> **Task to carry out**:
Word for word, restate the entries below and exclude every image.

> **Data to examine**:
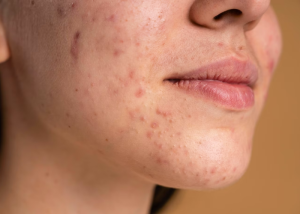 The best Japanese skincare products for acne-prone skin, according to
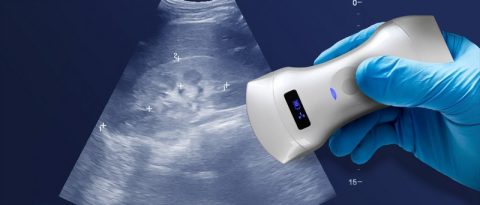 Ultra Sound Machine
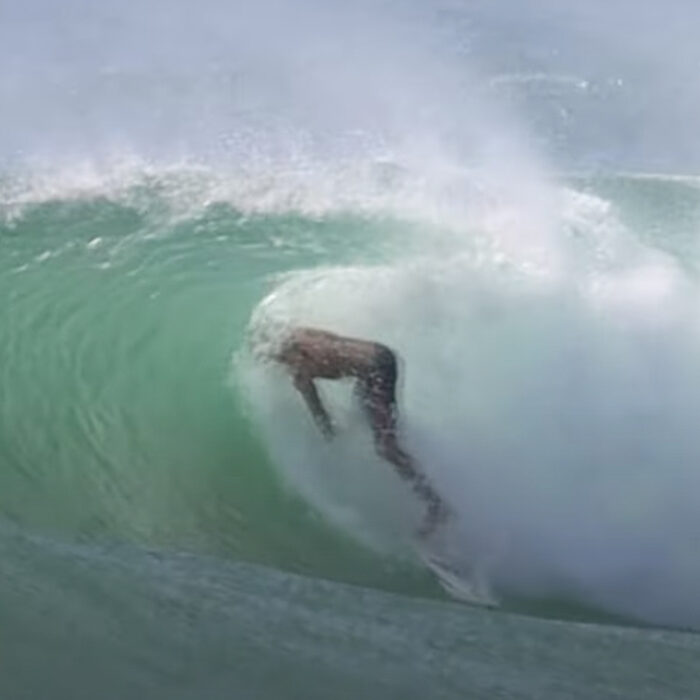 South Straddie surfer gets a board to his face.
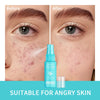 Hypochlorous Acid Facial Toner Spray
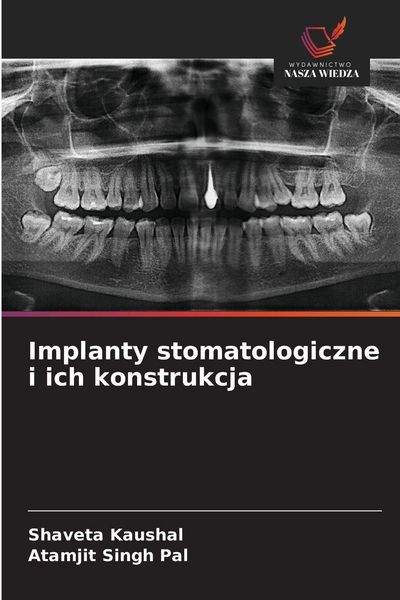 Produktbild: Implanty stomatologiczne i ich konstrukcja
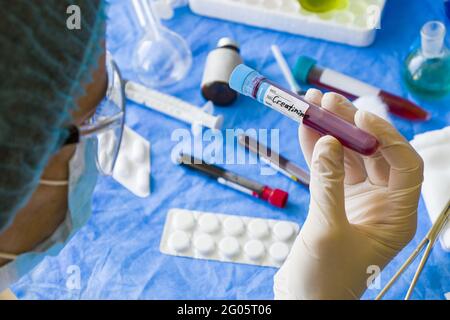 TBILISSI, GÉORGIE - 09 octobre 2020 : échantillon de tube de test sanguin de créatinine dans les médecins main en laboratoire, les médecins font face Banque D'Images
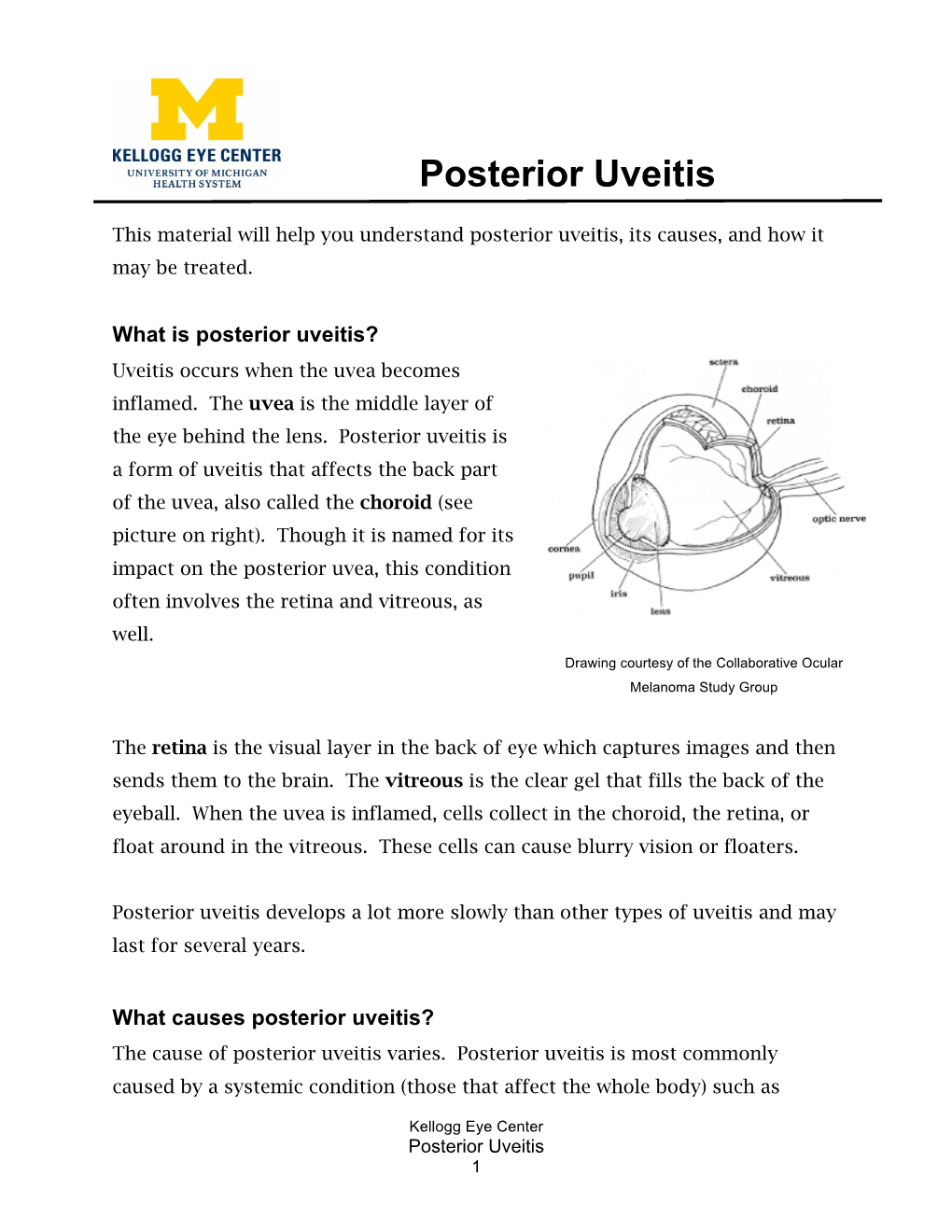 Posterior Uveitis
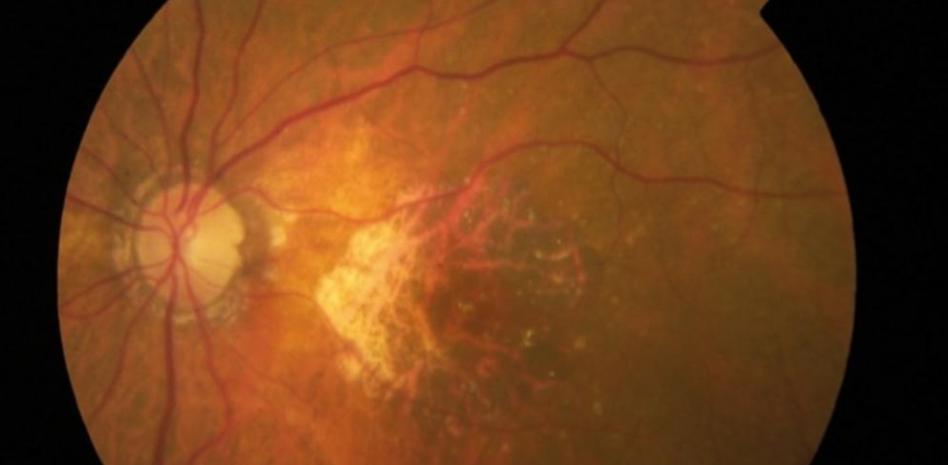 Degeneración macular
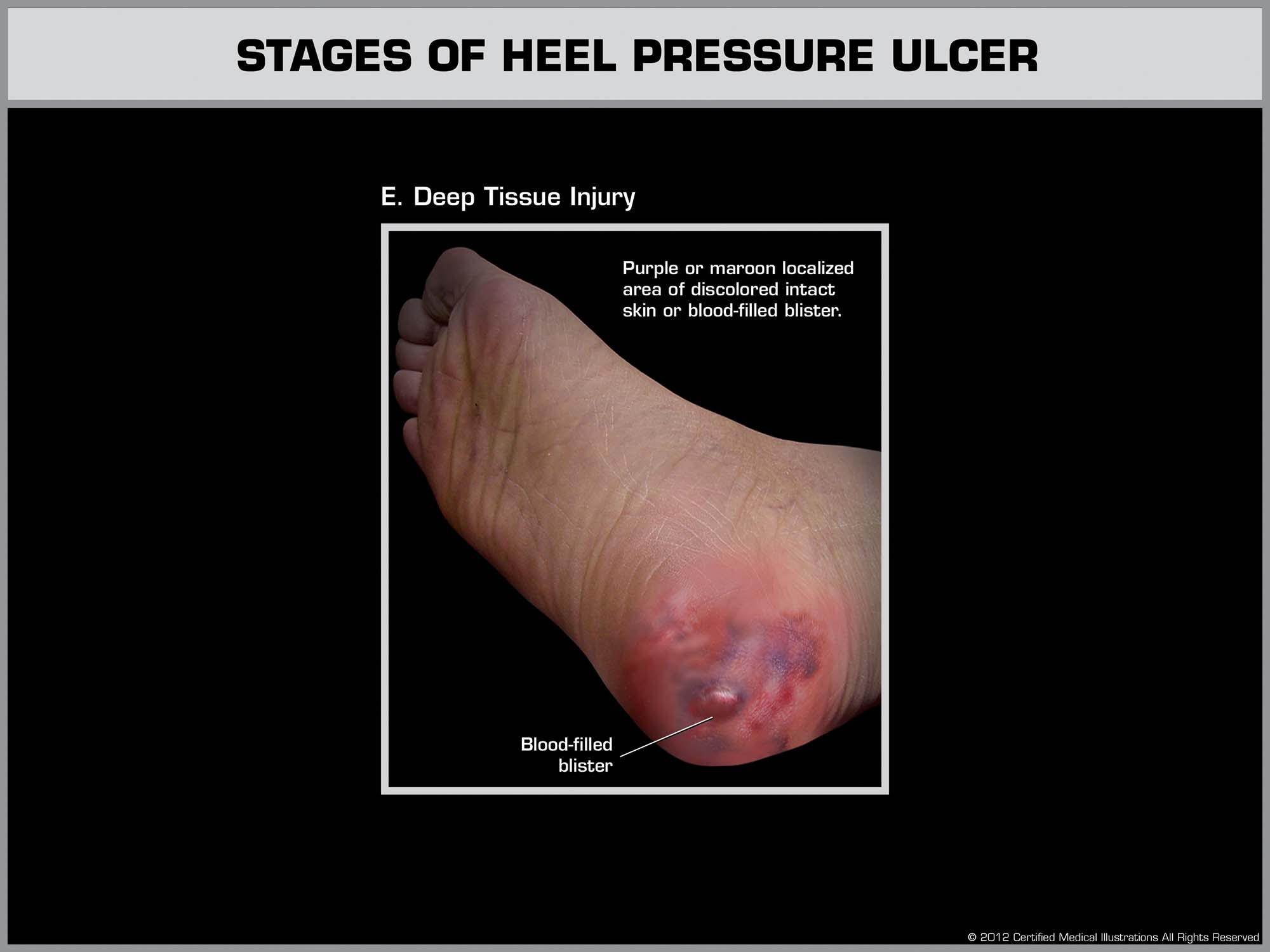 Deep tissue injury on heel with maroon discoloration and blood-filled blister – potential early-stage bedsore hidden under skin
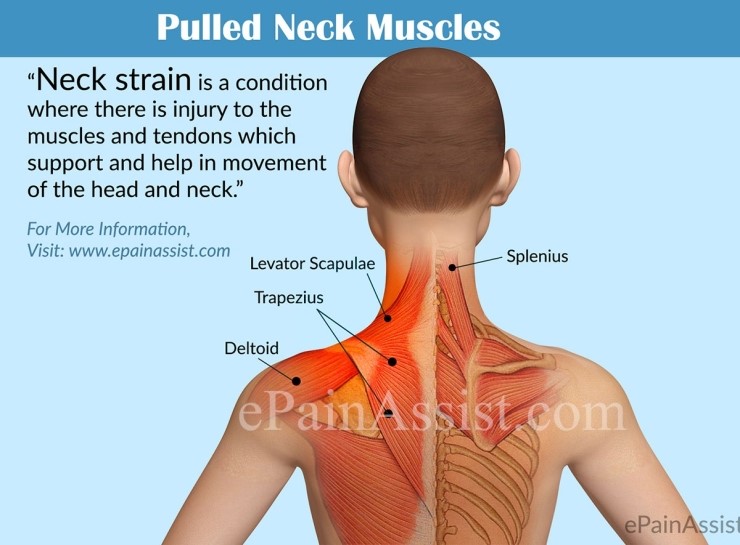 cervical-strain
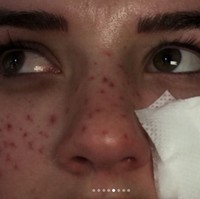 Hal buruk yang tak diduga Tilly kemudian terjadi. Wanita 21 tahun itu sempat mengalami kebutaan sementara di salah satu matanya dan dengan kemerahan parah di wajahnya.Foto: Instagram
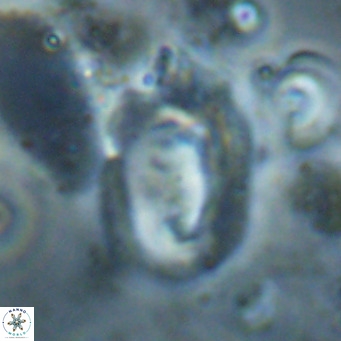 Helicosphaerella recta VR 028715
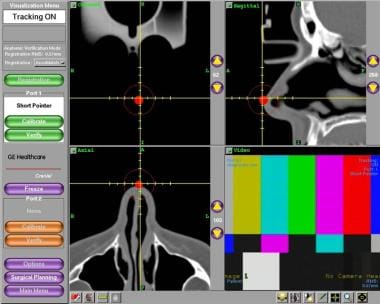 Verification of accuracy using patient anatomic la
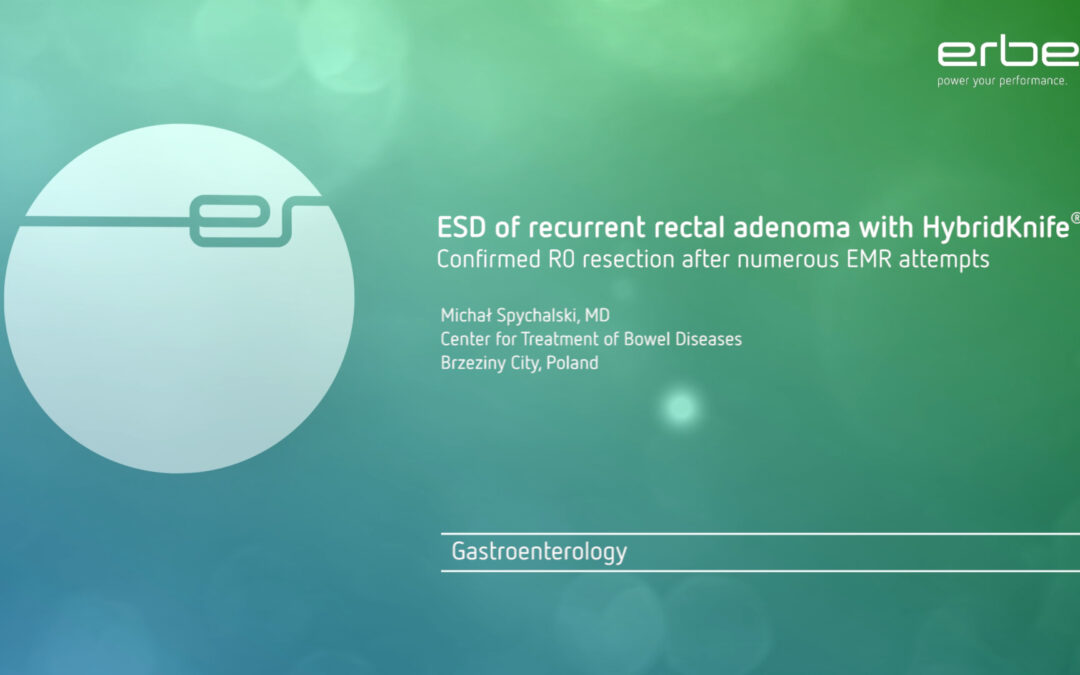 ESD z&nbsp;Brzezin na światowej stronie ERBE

> **Exercise answer**:
 The best Japanese skincare products for acne-prone skin, according to
 Ultra Sound Machine
 South Straddie surfer gets a board to his face.
 Hypochlorous Acid Facial Toner Spray
 Produktbild: Implanty stomatologiczne i ich konstrukcja
 TBILISSI, GÉORGIE - 09 octobre 2020 : échantillon de tube de test sanguin de créatinine dans les médecins main en laboratoire, les médecins font face Banque D'Images
 Posterior Uveitis
 Degeneración macular
 Deep tissue injury on heel with maroon discoloration and blood-filled blister – potential early-stage bedsore hidden under skin
 cervical-strain
 Hal buruk yang tak diduga Tilly kemudian terjadi. Wanita 21 tahun itu sempat mengalami kebutaan sementara di salah satu matanya dan dengan kemerahan parah di wajahnya.Foto: Instagram
 Helicosphaerella recta VR 028715
 Verification of accuracy using patient anatomic la
 ESD z&nbsp;Brzezin na światowej stronie ERBE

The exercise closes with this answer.